Russia bans aviation fuel exports following strikes on oil refineries01.06.26, 11:59 • 3090 views
Refinery output in the Russian Federation is expected to decline further due to plant closures and reduced operating volumes. According to estimates by the analytical company OilX, the average for May should be 4.58 million barrels per day. This is approximately 700,000 barrels per day, or 13%, less than a year earlier, and is the lowest figure since October 2009.
Now the attacks are aimed not only at primary processing units, which were relatively easy and quick to repair, but also at secondary units, including high-cost and technically complex ones, marking a change in strategy compared to previous years, according to Sergey Vakulenko, an industry veteran and scholar at the Carnegie Endowment for International Peace.
Secondary units help refineries produce more gasoline and diesel fuel, but their repair can be much more difficult and expensive, as Western sanctions complicate the supply of replacement equipment from abroad, Vakulenko said.
In addition to refineries, drones are attacking export terminals and pipeline infrastructure, such as pumping stations. Ukraine is also attacking storage facilities, and if Russia hopes to produce and store more fuel to avoid a repeat of the fuel crises seen last summer, it may be more difficult with reduced capacity and storage volumes, Vakulenko said.
In total, at least 30 strikes were carried out on Russian oil assets in May, the highest figure for any month since Russia's full-scale invasion, according to data collected by Bloomberg.
Nevertheless, the Russian road fuel market is still somewhat far from the deep crisis it experienced in 2023, when prices jumped so much that Kremlin leader Vladimir Putin criticized the government for reacting too slowly.
The current impact at gas stations has been muted, with average gasoline prices since the beginning of the year rising just over 2 rubles ($0.03) to 67.53 rubles per liter, according to data from the Federal State Statistics Service of the Russian Federation.
So far, only Russian-occupied Crimea has rationed fuel purchases, the publication points out. Last summer, fuel shortages affected the Russian Far East, as well as Russian-occupied Ukrainian territories.

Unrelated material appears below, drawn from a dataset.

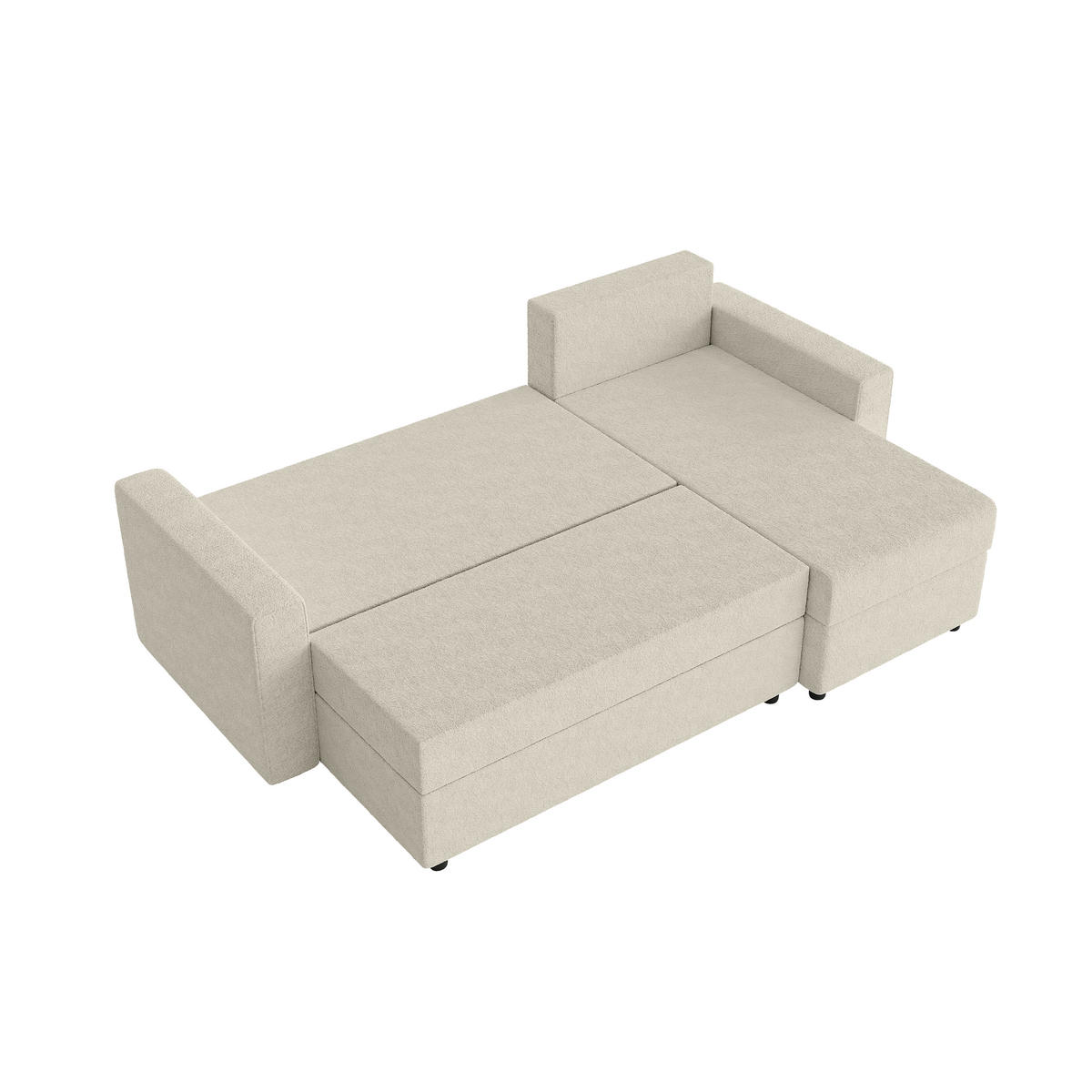 ECKSOFA Goka L mit Schlaffunktion, Beige - Beige, Textil (230/146cm) - Fedve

The relative calm now may partly be due to the fact that many gas stations are owned by large Russian producers who purchase the fuel themselves and receive state subsidies aimed at stimulating domestic sales, the publication writes. A re-imposed ban on the export of most types of gasoline since April 1 has also contributed to local supplies, the publication indicates.
However, there are some signs of supply contraction.
As of the end of May, daily volumes of premium 95 gasoline offered for delivery in the European part of Russia fell to approximately 5,000 tons per day, which is one-third of the supply a year ago, according to data from the St. Petersburg International Mercantile Exchange. At the same time, prices for this type of fuel on the key commodity exchange rose by more than 20% year-on-year.
This likely makes it difficult for regional gas station networks not affiliated with major oil companies to buy fuel in bulk on the exchange, putting them at risk of running out of fuel or buying more expensive fuel elsewhere, the publication notes.
Despite the attacks on refineries, Moscow does not currently see a risk of fuel shortages, Kremlin spokesman Dmitry Peskov told reporters on May 21. He cited seasonal maintenance as the reason for lower refinery production in some regions, adding that the overall supply and demand for fuel in Russia are balanced.